7/17 Countdown to Cooperstown
Fergie Jenkins can’t wait until Ron Santo is able to add “Hall of Fame” after his name. Unfortunately, as Cubs fans know, the honor came too late for Santo to do that himself. Santo, the long time Cubs third baseman and radio color man, will be inducted into the baseball Hall of Fame on Sunday in Cooperstown. As part of a week-long series of events, Santo, who died in December 2010, almost one year to the day before he was elected into the Hall, was celebrated on Tuesday at the “Cubs Corner” luncheon sponsored by WGN Radio.
“Everybody’s asking how we’re gearing up for it and what we’re looking forward to,” Ron Santo Jr. said. “Personally, I’ve never been there, so I’m looking forward to actually going to Cooperstown and seeing the museum and the town and everything I’ve heard about.
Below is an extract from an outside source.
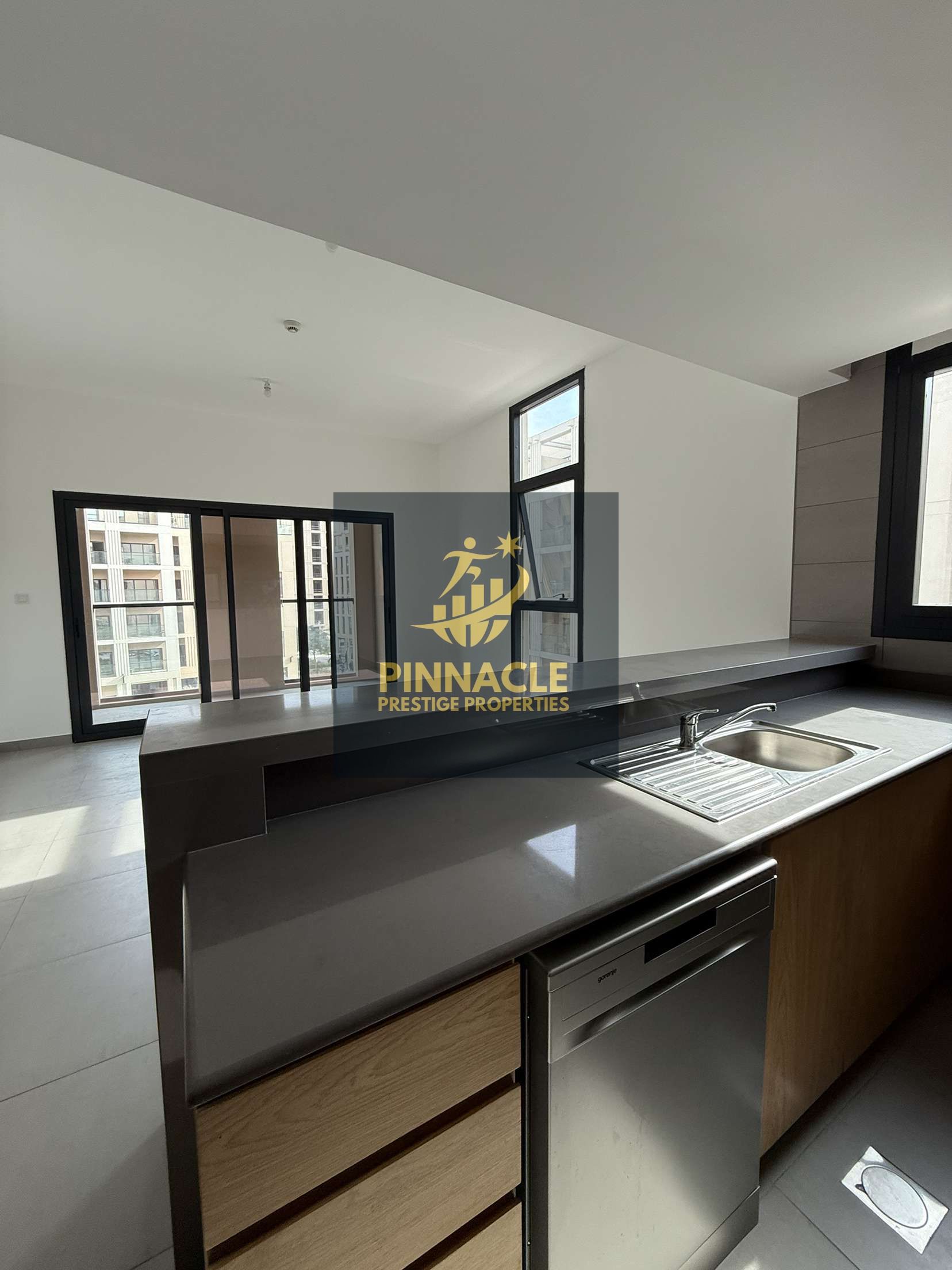 Hottest 1 Br Apartment Deal | Ready To Move | Freehold | Top of The Line Unit | Beautiful Community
It’s just icing on the cake to watch the presentation on Sunday to see dad’s plaque finally go up.”
Santo’s wife Vickie will deliver the speech Sunday, and has been practicing, Ron Jr. said, but not in front of family.
“I think she’d probably be more nervous doing that in front of us than in front of the crowd,” he said.
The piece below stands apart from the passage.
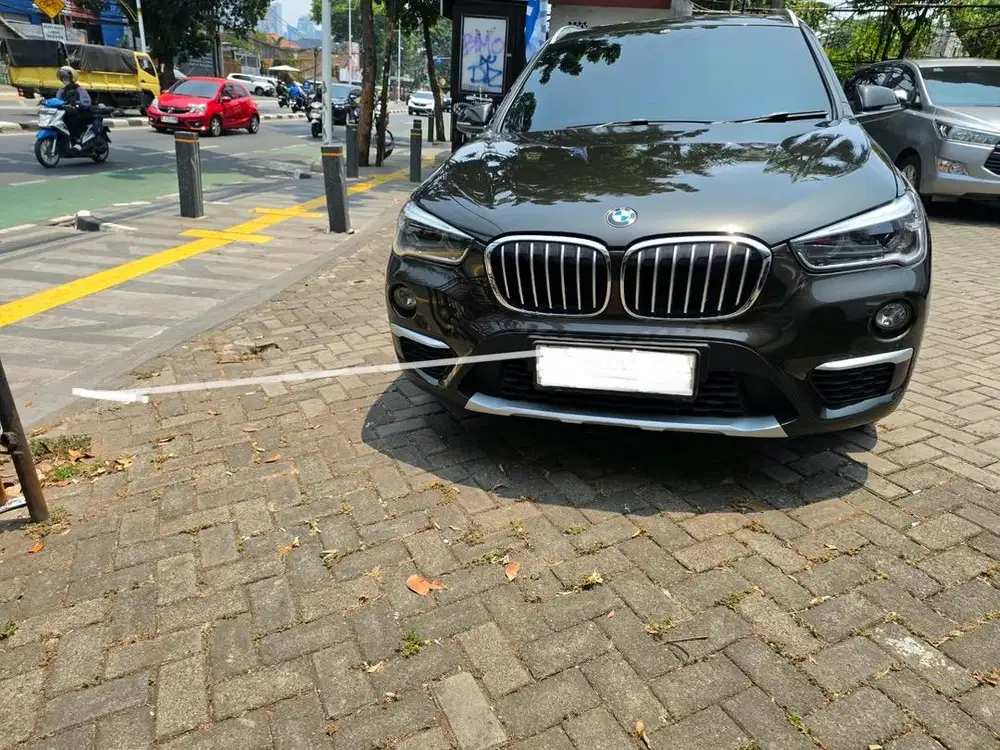 BMW X1 2018 - coklat metalik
Jenkins, who was Santo’s Cubs teammate, and inducted into Cooperstown in 1991, will attend the festivities Sunday.
“I think the family in general will be really excited because of the fact that Ronnie is getting inducted,” Jenkins said. “Unfortunately, Ronnie isn’t with us, but now with Ron Santo’s name, you’ll see ‘HOF’ behind it, it’ll be very important. This is an opportunity to get put in a class of great athletes, and Ronnie was a great athlete.”
Santo’s son, Jeff, who directed “This Old Cub,” a movie about his father’s life, has put together a special edition of the film (available at santofilms.com) which includes footage of the statue unveiling at Wrigley Field for his father as well as the city of Chicago’s sendoff after his funeral. Fans also can celebrate Santo highlights on a CD compiled by Hughes, part of his “Baseball Voices” collection.
“This was something he wanted ever since he retired,” Ron Jr. said. “To him, it was the pinnacle.”